● **EXERCISE**: Write out the entries exactly, leaving out every picture.

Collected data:
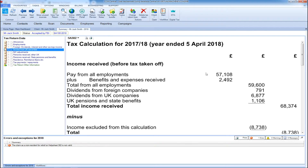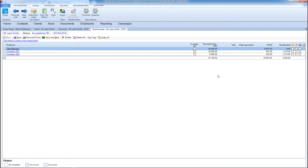The live computation is also interactive, giving you the ability to drill down to the underlying data entry screens. This gives you the full picture of the tax computation from end-to-end at any point with real-time data.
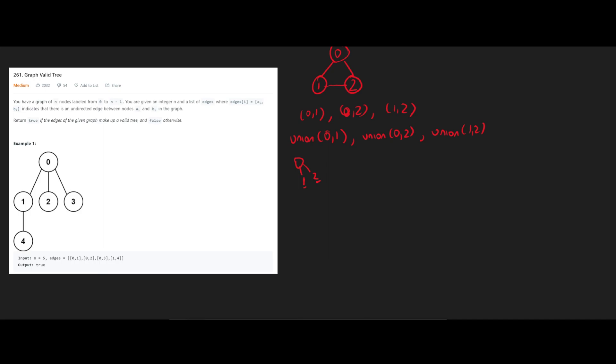And that's how we know that it's an invalid tree, because we can't have two nodes that correspond to the same parent. That's going to tell us that these are sibling nodes, and they have an edge between them, which is an invalid tree.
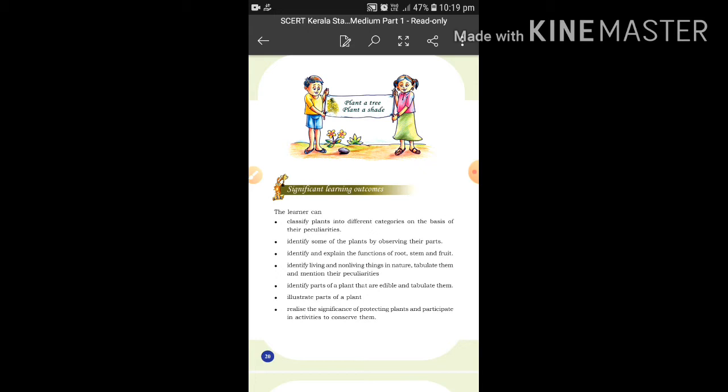Now let's look at the significant learning outcomes — the outcomes of what you learn in this chapter. I am going to cover the class test material from the first chapter.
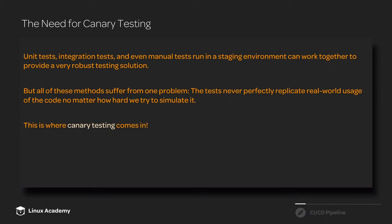But all of these methods have one problem, and that is that these tests never perfectly replicate real-world usage of the code, no matter how hard we try to simulate it. We do a lot of work to make sure that our tests are as valid as possible, that they simulate real-world situations as closely as possible, but we can never get that perfect.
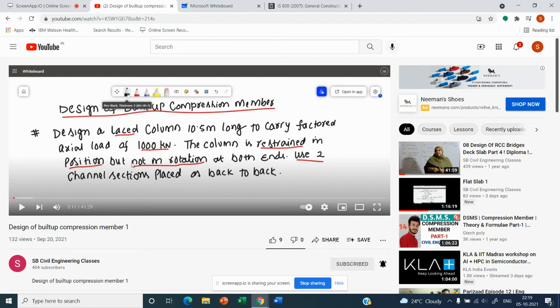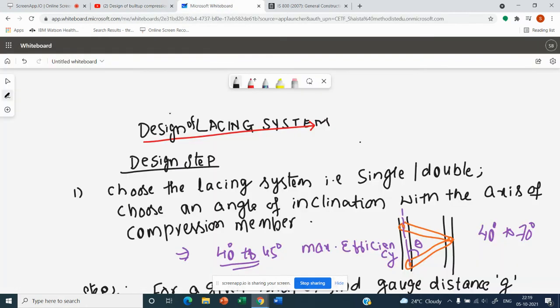Before watching today's video, it is better to revise the design of built-up compression member video first. So let us come back to the design of lacing system. What is a lacing system?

● **EXERCISE RESULT**:
The live computation is also interactive, giving you the ability to drill down to the underlying data entry screens. This gives you the full picture of the tax computation from end-to-end at any point with real-time data.
And that's how we know that it's an invalid tree, because we can't have two nodes that correspond to the same parent. That's going to tell us that these are sibling nodes, and they have an edge between them, which is an invalid tree.
Now let's look at the significant learning outcomes — the outcomes of what you learn in this chapter. I am going to cover the class test material from the first chapter.
But all of these methods have one problem, and that is that these tests never perfectly replicate real-world usage of the code, no matter how hard we try to simulate it. We do a lot of work to make sure that our tests are as valid as possible, that they simulate real-world situations as closely as possible, but we can never get that perfect.
Before watching today's video, it is better to revise the design of built-up compression member video first. So let us come back to the design of lacing system. What is a lacing system?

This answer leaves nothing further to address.